Subject: SR-CTA/CQ-2017-02
From: Edward Foda

April 19, 2017

Dear Mr. Fields,

I realize the comment period is past due, but I write this in the hope that you or someone at the commission may still read this. I appreciate the opportunity to comment, thank you.

I'm an independent investor/trader who in November had his data fees "theoretically" increase 2000%. I say theoretically because I have not received a formal bill for "non-display" CTA data yet, but am being told by a NYSE representative that I will be back-billed soon. It's my assumption that NYSE is likely waiting for approval of this action in order to commence billing. I assume they may have questioned the legality of their actions with respect to their handling of my broker who alerted me to the fee increases. I am not one to pass judgement on this though, I am far from a legal expert, but I feel compelled to give a short synopsis of what has been occurring at my retail broker in order to give an idea of the impact that is already occurring in the industry with respect to this proposal.

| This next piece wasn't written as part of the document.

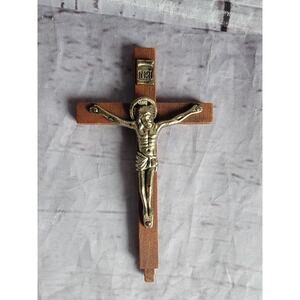 Wood Cross Crucifix 4 inch Christianity Religious Sacred Heart READ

In October 2016 I was alerted that at the beginning of November all NYSE data (CTA in my case), would be turned off if non-display declarations were not made. I did not consider my data use-age "non-display", neither did my retail broker who was also my data provider. However, they had undergone an audit by NYSE that concluded that API users of their platform would be considered "non-display". In order to avoid being "back-billed" for all the months that they had been distributing data "in violation of the non-display policies", they required everyone at the broker to submit to NYSE non-display subscriber agreements and all retail clients would begin to report to them directly. It is still not clear to me whether NYSE is vendor, SRO, or licensee of the data, however it WAS clear that if you refused to sign, the data was turned off.

A little background on the platform. It is a typical UI based platform with an API for analytics and/or order placement. The majority of their customers are small retail individuals with API use-age over the internet with symbol data subscriptions in the dozens of symbols. In addition, they also provide higher speed trading facilities for more advanced traders. That "high speed" data, however, is still accessed indirectly via normalized feeds and via authenticated subscription per symbol. They are a small retail brokerage and did not have the money to contest the allegations.

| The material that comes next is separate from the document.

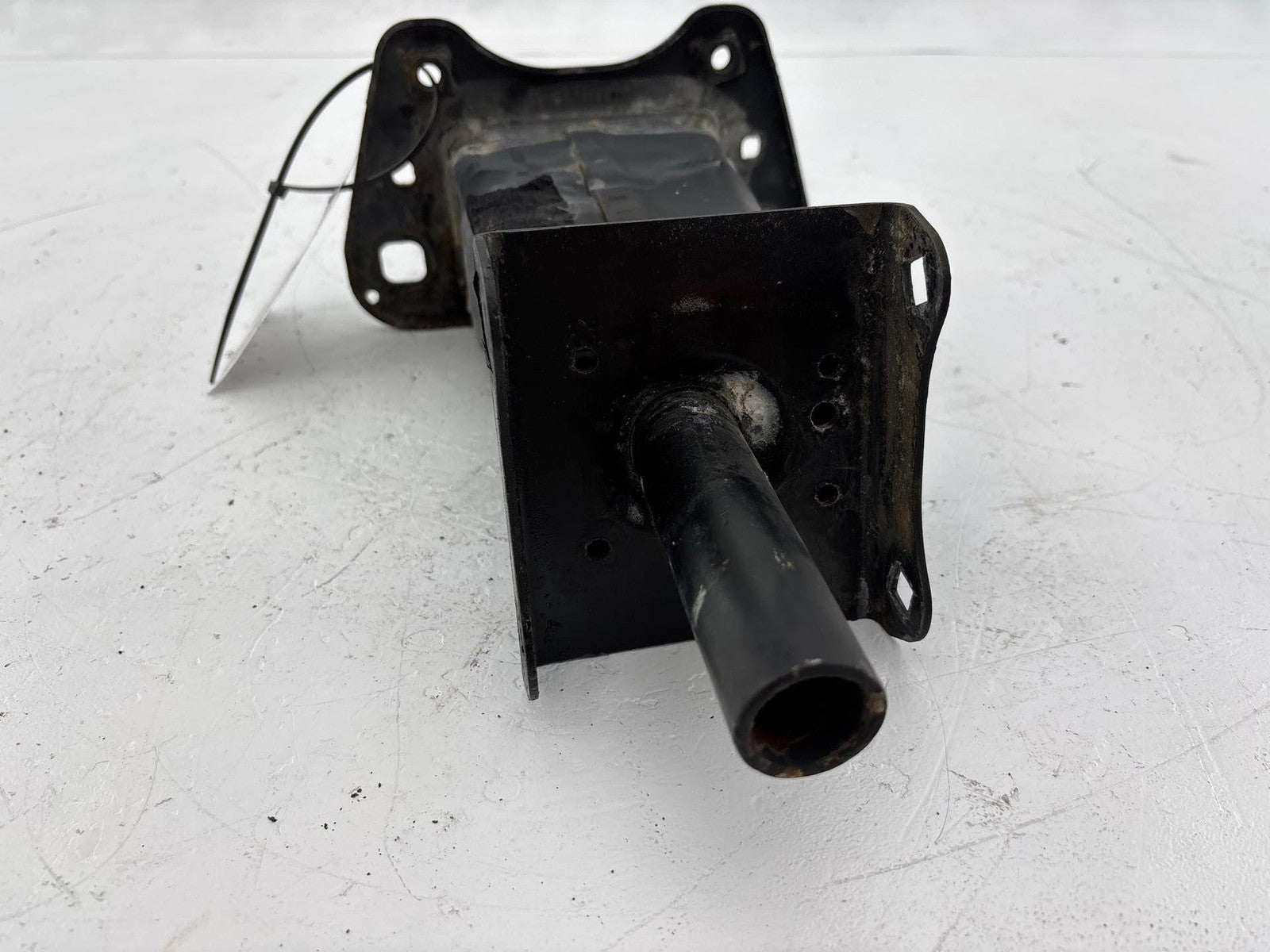 07-12 Mercedes Gl450 Front Right Side Bumper Reinforcement Bracket Oem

In addition, it was made clear that the data received would be considered "Direct Access", which essentially doubles the fee of the already extremely high "non-display" fees. In the CTA market data policy, "Direct Access" is defined clearly as a firm having direct connection to SIAC. My broker does not have direct connections. Indirect Access fees are defined as everything else and they give the example of a vendor using normalized data. Our broker distributes normalized data. However, outside of the policy, and inside the private user agreement I compulsorily signed in order to continue to receive data, there is a clause under the Indirect Access definition that states that NYSE considers EVERY customer Direct Access by default and it is at their discretion to assign a Subscriber an Indirect Access designation, regardless of actual circumstances. I asked the NYSE official to in the very least have an Indirect designation, since it very closely matched the description, but was denied.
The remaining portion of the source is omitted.